Et on la sent prête à s’enflammer et à prendre le pavé, pour peu qu’un vaste mouvement de colère se lève.
Aussi bien que toute disposée à faire le dos rond et à rester bonne fille, si la contestation ne prend pas.
C’est un rien étrange, plutôt bizarre, comme une ritournelle en sourdine, au choix potentiel tube de l’été ou possible bide de l’année.
Mais… il est un avantage à ce temps suspendu : le gouvernement la met en veilleuse.
Et ne semble plus guère avoir d’autre ambition que de passer le printemps sans coup férir.
Surtout : ne pas faire de bruit.
Ne plus provoquer ni souffler sur les braises
La jouer conciliant, modéré, compréhensif, que ce soit à l’Education2, au Social3, à la Justice4 et même dans les syndicats5.
Se taire, donc.
Sinon pour faire connaître ses ambitions pour le prochain remaniement ministériel.
Non : pas seulement se taire.
Se préparer, aussi.
Et rassembler ses forces.
A commencer par cette information relayée sur les blogs et tue par les médias : les forces de l’ordre rappelleraient leurs réservistes, dans la police et la gendarmerie, pour mieux mater l’insurrection qui viendra peut-être. (Edit, deux jours plus tard : désolé, il s’agit d’un hoax. J’aurais dû vérifier ce que j’écris et ne pas prendre une rumeur pour argent comptant.

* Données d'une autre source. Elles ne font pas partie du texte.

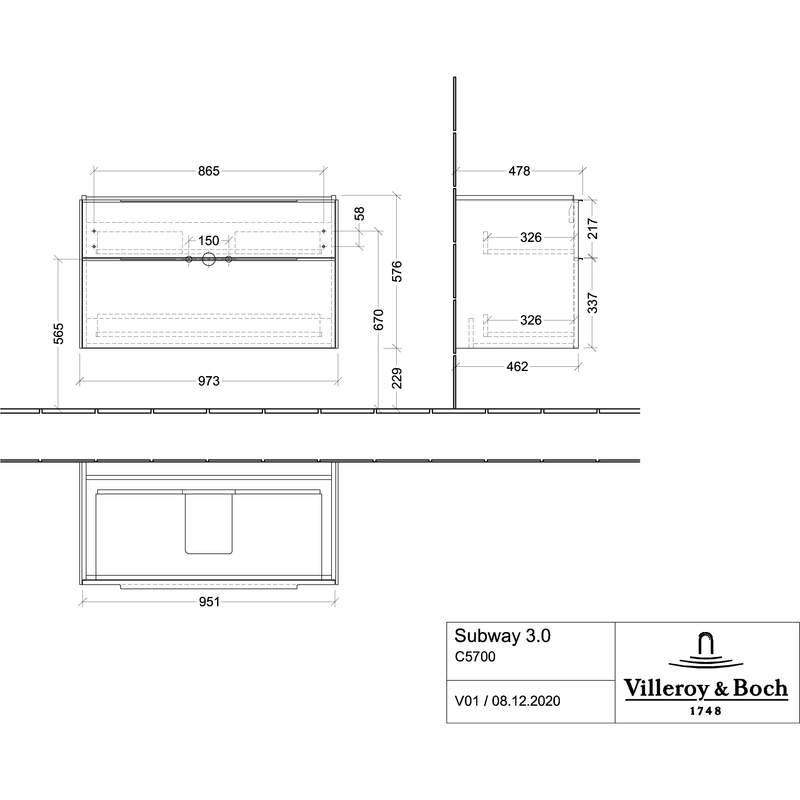 VILLEROY & BOCH - WTU 973x579x462 mm 2 Auszüge Brilliant White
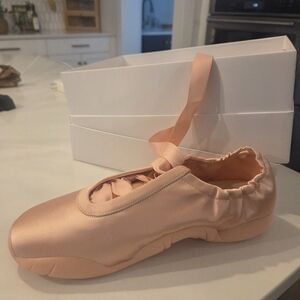 Satin Ballet Flats in Peach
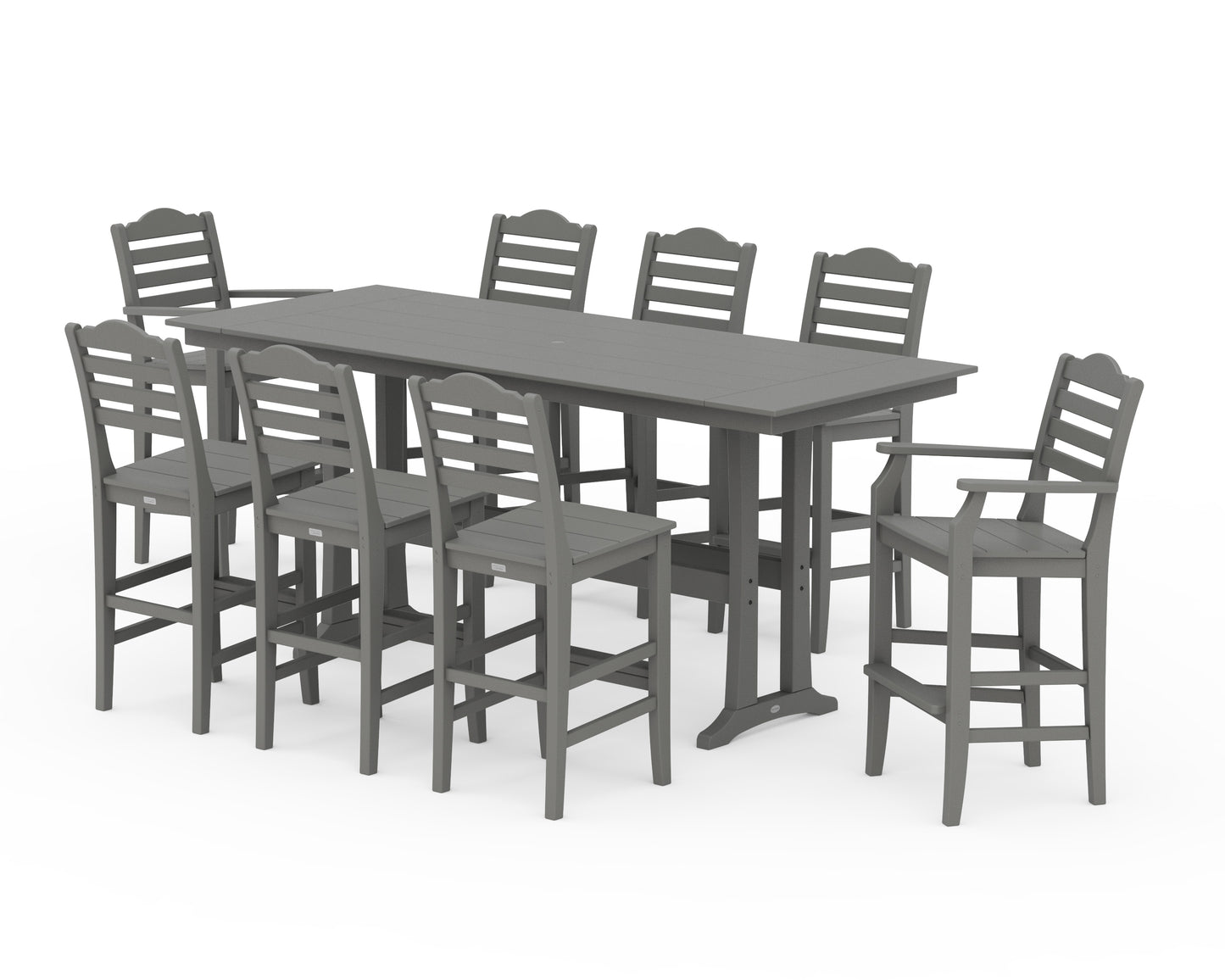 Savannah 9-Piece Farmhouse Bar Set with Trestle Legs
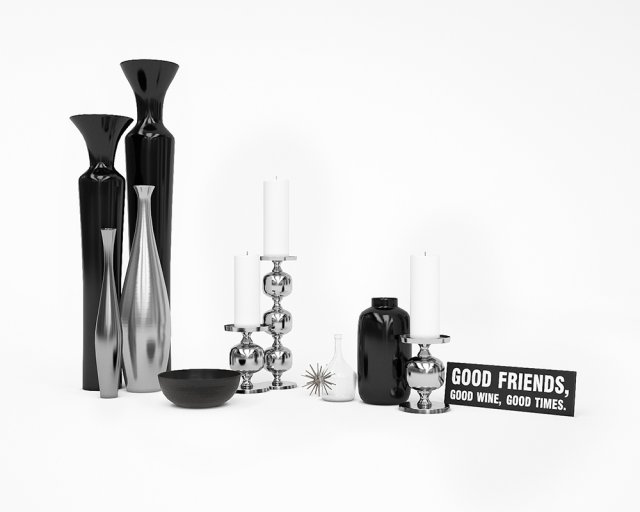 accessories set 02 3D Model .c4d .max .obj .3ds .fbx .stl .blend 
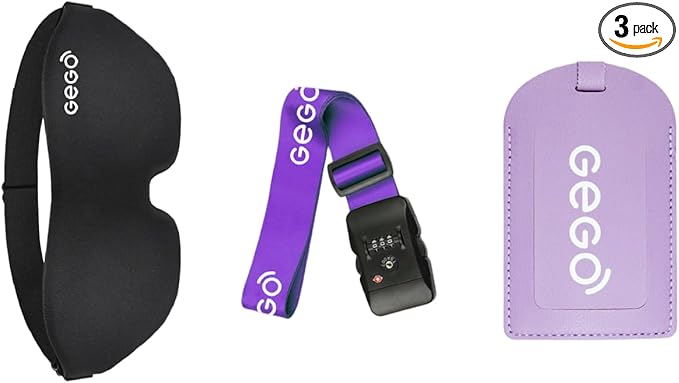 GEGO Premium Travel Kit, Sleep Mask 3D Contoured Eye with Soft Memory Foam, Luggage Tag Waterproof Resistant and Strap with Lock for Luggage TSA Approved (Sleep Mask Black/Luggage Tag Purple)
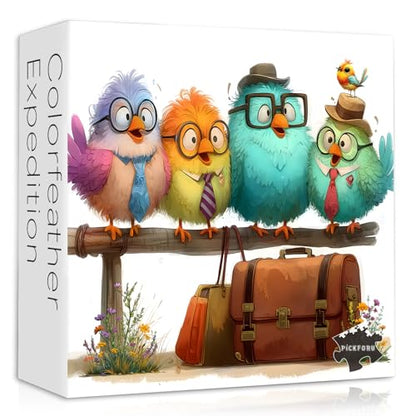 PICKFORU Funny Bird Puzzles for Adults 1000 Pieces, Nature Cute Animal Colorful Wildflower Puzzle, Impossible Hard Challenge Jigsaw Puzzle - style: Funny Bird Puzzles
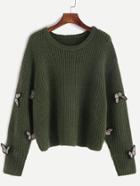 Shein Olive Green Embroidered Butterfly Applique Ribbed Sweater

Pour la peine, je me morfonds en plates excuses.)
Et ce bruit de bottes, s’agitant à l’arrière-scène, fait comme un contrepoint menaçant au silence de l’attente.
Même vacarme assourdi que ces nouvelles dispositions répressives tranquillement mitonnées par le gouvernement.
Qu’il s’agisse de cette note de la préfecture de police de Paris - révélée par le Canard Enchaîné du 11 mars - qui invite les policiers à arrêter sur le champ le meneur de toute manifestation non-déclarée, rassemblement entendu au sens large, un sit-in de lycéens ou quelques universitaires en goguette.
Ou de ceprojet de loi annoncé en urgence par Christian Estrosi, lequel mêle joyeusement violences des bandes urbaines et celles de manifestants en colère, tous englobés dans un très vague et inquiétant « délit de participation à un groupe ayant commis des violences sur des personnes ou sur des biens ».
Le député-maire de Nice annonçant, dans une interview donnée au Figaro, que « même si un individu n’est pas armé, il sera désormais susceptible de faire partie d’une bande dès lors qu’il accompagne un individu portant une arme »6 ou que « le port de cagoules et de casques (sera) interdit dans toute manifestation présentant des risques de débordement »7.
Ils se tiennent coi et préparent, donc.
Mais qu’importe : s’il n’est jamais simple de tenir l’équilibre pour un fildefériste chevronné, c’est chose impossible pour un provocateur comme Nicolas Sarkozy.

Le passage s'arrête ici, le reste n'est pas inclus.